Social classes in Italy are bourgeoisie, white-collar middle class, urban petite bourgeoisie, rural petite bourgeoisie, urban working class and rural working class.

== 1970s Italian social classes according to Labini ==
In his Essay on social classes the Italian economist Paolo Sylos Labini presented the following classification, based on his analysis of income distribution:
- Bourgeoisie (properly so called), composed by big urban and rural landowners; entrepreneurs and managers of stock companies; autonomous professionals;
- Petite bourgeoisie
  - Clerical petite bourgeoisie
  - Relatively autonomous petite bourgeoisie: farmers, artisans (including small professionals), traders;
  - Petite bourgeoisie composed by particular categories, such as militaries and clergymen;
- Working class;
- Lumpenproletariat.

==Contemporary Italian social structure==
A hierarchy of social class rank in Italy today.

1. Bourgeoisie (10% of the working population) includes high-class entrepreneurs, managers, politicians, self-employed people, highest-ranking celebrities, etc.

2. White-collar middle class (17% of the working population) includes middle class workers not employed in manual work.

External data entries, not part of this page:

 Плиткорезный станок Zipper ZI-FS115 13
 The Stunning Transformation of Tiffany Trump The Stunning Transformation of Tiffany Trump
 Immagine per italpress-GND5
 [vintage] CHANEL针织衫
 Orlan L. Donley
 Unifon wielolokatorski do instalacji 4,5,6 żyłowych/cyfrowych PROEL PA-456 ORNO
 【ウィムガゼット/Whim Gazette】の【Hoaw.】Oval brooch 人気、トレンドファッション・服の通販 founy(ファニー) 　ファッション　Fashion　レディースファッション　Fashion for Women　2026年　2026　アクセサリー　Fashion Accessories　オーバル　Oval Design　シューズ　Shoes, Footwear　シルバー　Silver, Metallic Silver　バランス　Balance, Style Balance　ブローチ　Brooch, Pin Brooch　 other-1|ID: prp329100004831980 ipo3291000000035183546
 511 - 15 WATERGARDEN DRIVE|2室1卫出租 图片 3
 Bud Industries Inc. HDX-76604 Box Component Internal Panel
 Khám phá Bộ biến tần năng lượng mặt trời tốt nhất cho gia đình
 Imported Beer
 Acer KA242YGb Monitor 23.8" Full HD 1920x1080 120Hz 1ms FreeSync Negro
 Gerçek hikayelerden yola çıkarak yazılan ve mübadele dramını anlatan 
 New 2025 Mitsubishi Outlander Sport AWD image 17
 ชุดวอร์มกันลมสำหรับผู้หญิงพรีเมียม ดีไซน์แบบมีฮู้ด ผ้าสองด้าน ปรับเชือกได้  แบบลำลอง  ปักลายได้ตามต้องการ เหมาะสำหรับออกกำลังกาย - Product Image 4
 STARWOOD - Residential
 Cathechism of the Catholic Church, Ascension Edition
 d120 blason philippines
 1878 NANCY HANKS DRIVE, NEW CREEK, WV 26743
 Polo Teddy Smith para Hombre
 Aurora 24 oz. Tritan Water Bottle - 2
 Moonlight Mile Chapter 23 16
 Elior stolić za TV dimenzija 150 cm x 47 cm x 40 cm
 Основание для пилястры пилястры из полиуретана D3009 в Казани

3. Urban petite bourgeoisie (14% of the working population), is mainly made up of shopkeepers, small-business entrepreneurs, self-employed artisans etc.

4. Rural petite bourgeoisie (10% of the working population) consists of small entrepreneurs or estate owners who operate in the countryside, mainly in agriculture and forestry.

5. Urban working class (37% of the working population) refers to the people employed in manual work.

6. Rural working class (9% of the working population) consists of people operating in the primary industry, such as farmers, loggers, fishermen etc.